I’m currently working on a Big Data project where I’m importing the results from a generated data file based on Wikipedia page count data. After doing the import operation, I did a SELECT COUNT(*) on the resulting table and then got to wondering – was I hallucinating or am I missing almost 2 million rows of data?
It turns out that I was missing more than 2 million rows of data – yikes! So what’s going on? When I ran the IMPORT FROM command, it reported that it took 45 seconds, affected 0 rows (that alone is a bit disturbing) and that there were no errors. So, again – what’s going on?
Since the data I’m getting from Wikipedia could be suspect, my first inclination is that it had to be a problem with using a pipe “|” symbol as a delimiter. My original file actually used the 0x01 character as a field delimiter and I has used the following sed Linux command to change them to the pipe character:
sed “s/\x01/|/g” 000000 > 000000.csv
I then used the wc (word count) command to count the number of rows in both files to compare the results.
hana:/wiki-data/year=2013/month=05 # wc –lines 000000*
As you can see, the line counts were identical. So, I opened up the help topic for the command at http://help.sap.com/hana/html/sql_import_from.html and noticed that there is a clause called “ERROR LOG”, so why not give it a try. I went ahead and added the following clause:
ERROR LOG ‘/wiki-data/import.err’
After running the IMPORT FROM command again, I got no errors, but what was weird was I also had no import.err file in my /wiki-data directory.

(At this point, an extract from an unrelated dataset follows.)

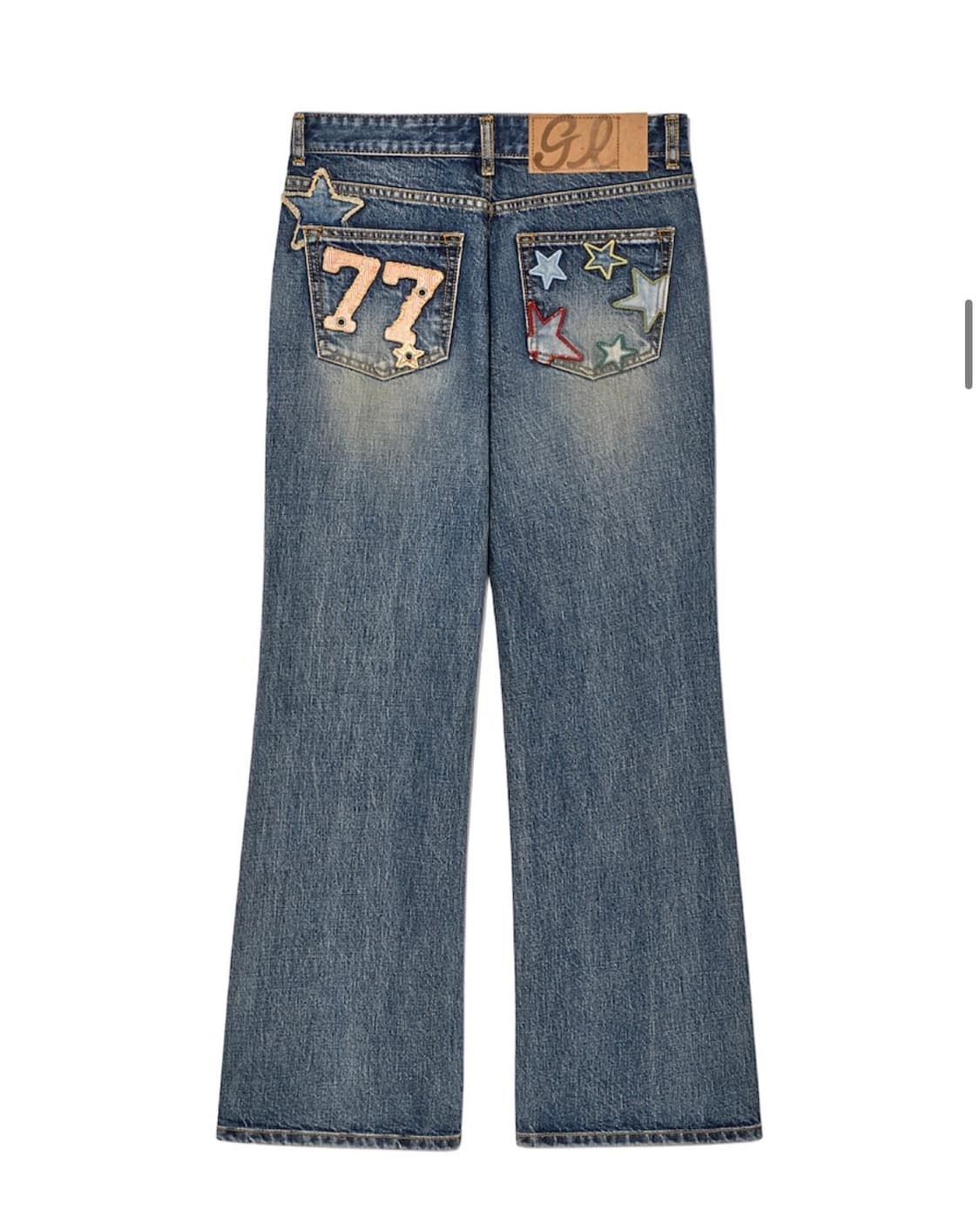 글로니 WESTERN FLARE JEANS (VINTAGE BLUE) 상품이미지1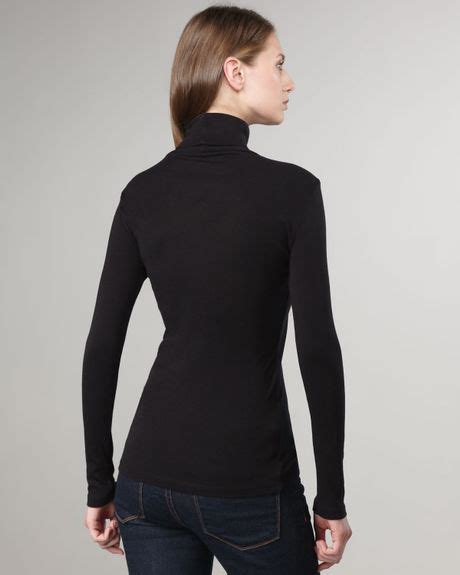 Splendid Jersey Turtleneck In Black Lyst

This I’ve seen before, so I issued the following Linux command to make sure the SAP HANA database engine can write data to this directory:
chmod 777 /wiki-data
Lo and behold, I ended up with a 55 meg import.err file! It turns out that there were two things preventing the load of all the data. First, one of my column definitions was not large enough to support the longest of the Wikipedia page titles which was 1023 – more than double of the VARCHAR(500) that I had defined. So, I dropped the table and recreated it with a column length of 2000 to be on the safe side. I then came across a new – numeric overflow. It turns out I needed to use a BIGINT data type for the number of bytes download for an hour for pages. After making that correction, I now got the COUNT(*) to match the line count for the three CSV files that I imported.
I was lucky and noticed that the COUNT result didn’t seem right and tracked it down, but I’m guessing that most people that use the IMPORT FROM command aren’t using the optional ERROR LOG clause. So – back to the new rule.
- Create a directory that you will use for your error file and make sure the HANA database engine has rights to the file using the chmod 777 <directory name> command.
- Just because the IMPORT FROM command reports no errors when running it from SAP HANA Studio, doesn’t mean there were no errors. Always include the ERROR LOG clause and then check to see that it’s a zero byte file. Otherwise, open it up and examine the records.
- Tell your friends and colleagues about this rule. 🙂
So in the spirit of Jim Croce, you can check it out my updated lyrics and sing along:
“You don’t tug on Superman’s cape”
“You don’t spit into the wind”
“You don’t pull the mask off that old Lone Ranger”
And you don’t forget the ERROR LOG clause for IMPORT FROM command.
Again, data is a precious thing to waste, so please pass this on.